Below is an abstract for SERG Report 383 which was recently 
completed by McMaster University's Software Engineering Group.  

Our web address for downloading reports is:

http://www.crl.mcmaster.ca/SERG/serg.publications.html

Our publication page has been revised and I hope that with the new format,
it will be easier to use.  

If you need to have the report mailed to you, there is a $10.00 fee
for both the new SERG reports and the previous CRL Reports to cover printing 
and mailing costs.  Please send a cheque payable to McMaster University. 
This fee does not apply to companies that are members of CITO, 
universities and other "not for profit" organisations.  We will send 
an invoice with the reports if you request one. If the cost to cut a 
cheque exceeds the amount of the cheque, we can keep a "running 
balance" of the  reports you have ordered and when the amount owed 
is around $30.00, an invoice will be issued.


Yours truly,
Doris Burns

				SERG Report 383
	Deriving Real-Time Monitors from System Requirements Documentation
	           		Dr. Dennis Peters

When designing safety- or mission-critical real-time systems,
a specification of the required behaviour of the system should be
produced and reviewed by domain experts.
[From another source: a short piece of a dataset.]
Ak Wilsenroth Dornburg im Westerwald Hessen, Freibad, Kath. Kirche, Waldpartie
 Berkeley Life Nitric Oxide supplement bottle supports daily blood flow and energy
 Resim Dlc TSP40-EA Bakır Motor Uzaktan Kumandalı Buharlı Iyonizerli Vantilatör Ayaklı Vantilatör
Also, after the system has
been implemented, it should be thoroughly tested to ensure that it
behaves correctly.  This, however, can be difficult if the requirements
are complex or involve strict time constraints. A monitor is a system
that observes the behaviour of a target system and reports if that
behaviour is consistent with the requirements. Such a monitor can be
used as an oracle during testing or as a supervisor during operation.
This thesis presents a technique and tool for generating software for
such a monitor from a system requirements document.

A system requirements documentation technique, based on [102], is
presented, in which the required system behaviour is described in terms
of the environmental quantities that the system is required to observe and
control, which are modelled as functions of time. The relevant history of
these quantities is abstracted as the initial conditions and a sequence
of events. The required value of all controlled quantities is specified,
possibly using modes---equivalence classes of histories---to simplify
the presentation.  Deviations from the ideal behaviour are described
using either tolerance or accuracy functions.

The monitor will be affected by the limitations of the devices it uses
to observe the environmental quantities, resulting in the potential for
false negative or positive reports. The conditions under which these
occur are discussed.

The  generation of monitor software from the requirements documentation
for a realistic system is presented. This monitor is used to test an
implementation of the system, and is able to detect errors in the
behaviour that were not detected by previous testing. For this example
the time required for the monitor software to evaluate the behaviour is
less than the interval between events.